◆ Data extracts
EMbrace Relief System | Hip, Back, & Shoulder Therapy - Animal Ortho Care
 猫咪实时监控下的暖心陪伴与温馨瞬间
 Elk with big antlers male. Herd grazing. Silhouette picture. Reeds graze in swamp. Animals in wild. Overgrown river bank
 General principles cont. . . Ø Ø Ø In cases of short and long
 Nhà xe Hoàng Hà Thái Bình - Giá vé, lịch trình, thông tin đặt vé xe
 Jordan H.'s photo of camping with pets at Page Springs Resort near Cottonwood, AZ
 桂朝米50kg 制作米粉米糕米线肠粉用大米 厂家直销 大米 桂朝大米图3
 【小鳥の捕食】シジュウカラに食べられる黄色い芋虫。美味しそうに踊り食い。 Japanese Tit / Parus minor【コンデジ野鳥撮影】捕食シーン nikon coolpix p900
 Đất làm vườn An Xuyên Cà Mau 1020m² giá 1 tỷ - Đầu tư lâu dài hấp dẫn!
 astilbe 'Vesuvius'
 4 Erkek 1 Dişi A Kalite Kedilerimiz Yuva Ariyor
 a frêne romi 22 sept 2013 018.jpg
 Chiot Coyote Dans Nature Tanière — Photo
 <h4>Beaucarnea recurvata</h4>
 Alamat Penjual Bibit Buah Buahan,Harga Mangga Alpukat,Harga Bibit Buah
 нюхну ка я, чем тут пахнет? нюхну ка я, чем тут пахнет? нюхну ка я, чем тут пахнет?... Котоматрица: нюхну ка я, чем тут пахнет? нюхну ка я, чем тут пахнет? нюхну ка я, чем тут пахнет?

◆ Your objective
Only those lines of the entries above that run from the line containing "猫咪实时监控下的暖心陪伴与温馨瞬间" to the line containing "a frêne romi 22 sept 2013 018.jpg", both included, should be transcribed exactly.

◆ Exercise result
 猫咪实时监控下的暖心陪伴与温馨瞬间
 Elk with big antlers male. Herd grazing. Silhouette picture. Reeds graze in swamp. Animals in wild. Overgrown river bank
 General principles cont. . . Ø Ø Ø In cases of short and long
 Nhà xe Hoàng Hà Thái Bình - Giá vé, lịch trình, thông tin đặt vé xe
 Jordan H.'s photo of camping with pets at Page Springs Resort near Cottonwood, AZ
 桂朝米50kg 制作米粉米糕米线肠粉用大米 厂家直销 大米 桂朝大米图3
 【小鳥の捕食】シジュウカラに食べられる黄色い芋虫。美味しそうに踊り食い。 Japanese Tit / Parus minor【コンデジ野鳥撮影】捕食シーン nikon coolpix p900
 Đất làm vườn An Xuyên Cà Mau 1020m² giá 1 tỷ - Đầu tư lâu dài hấp dẫn!
 astilbe 'Vesuvius'
 4 Erkek 1 Dişi A Kalite Kedilerimiz Yuva Ariyor
 a frêne romi 22 sept 2013 018.jpg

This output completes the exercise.